Dimitris Gavrilis, Eleni Afiontzi, Johan Fihn, Olof Olsson, Sebastian Cuy, Achille Felicetti, Franco Niccolucci
Abstract Most infrastructure projects, both recent and ongoing, involve a data aggregation task in order to bring together the heterogeneous information one expects to see in a typical EU landscape. The main reason for this is the plethora of technologies, standards, languages and practices that is found in the EU. Data aggregation typically includes the homogenization of heterogenous data through some kind of process that includes: ingestion, normalization, transformation and validation processes. The European funded project Ariadne (http://www.ariadne-infrastructure.eu/) aims at true integration of data by modelling the underlying domain and provding the technical framework for automatic integration of heterogeneous resources.
This infrastructure, comprises of a set of heterogeneous technologies such as: a metadata aggregator, including a set of enrichment and data integration micro-services, an RDF store with reasoning capabilities (through SPARQL), and a powerful indexing mechanism. The output of this process is published to a portal which can provide useful information to a variety of potential users ranging from simple visitors to domain researchers.

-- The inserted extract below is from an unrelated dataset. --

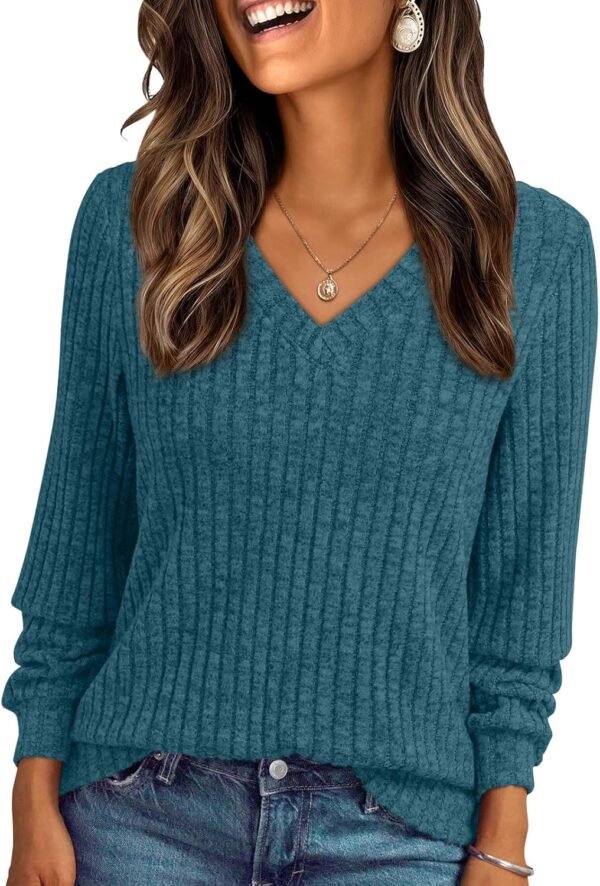 Women's V Neck Long Sleeve Shirt Fall Fashion Tops Tunic Dressy Casual Sweater Clothes Cute Trendy Work Outfits 2025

The data integration services can mine for links among resources, link them together and against language resources such as vocabularies. Complex records can be split into their individual components, represented, enriched and stored separately while maintaing their identity using semantic linking. These individual components are represented in the underlying model (ACDM) and include agents, language resources, datasets, collections, reports, databases, etc. Each integrated resource is assigned a URI and is published in RDF. This practice enables knowledge mining, semantic queries and reasoning engines which are provided within the project (e.g. SPARQL engine and Jena).
The technical infrastructure has been developed using various programming languages such as Java, PHP, Javascript, it is distributed spanning multiple virtual machines and brings together different established technologies and components. The portal is based on the Laravel PHP framework and uses ElasticSearch search engine to collect and browse through the data. Both the technical infrastructure and the portal will be presented and demonstrated in more detail.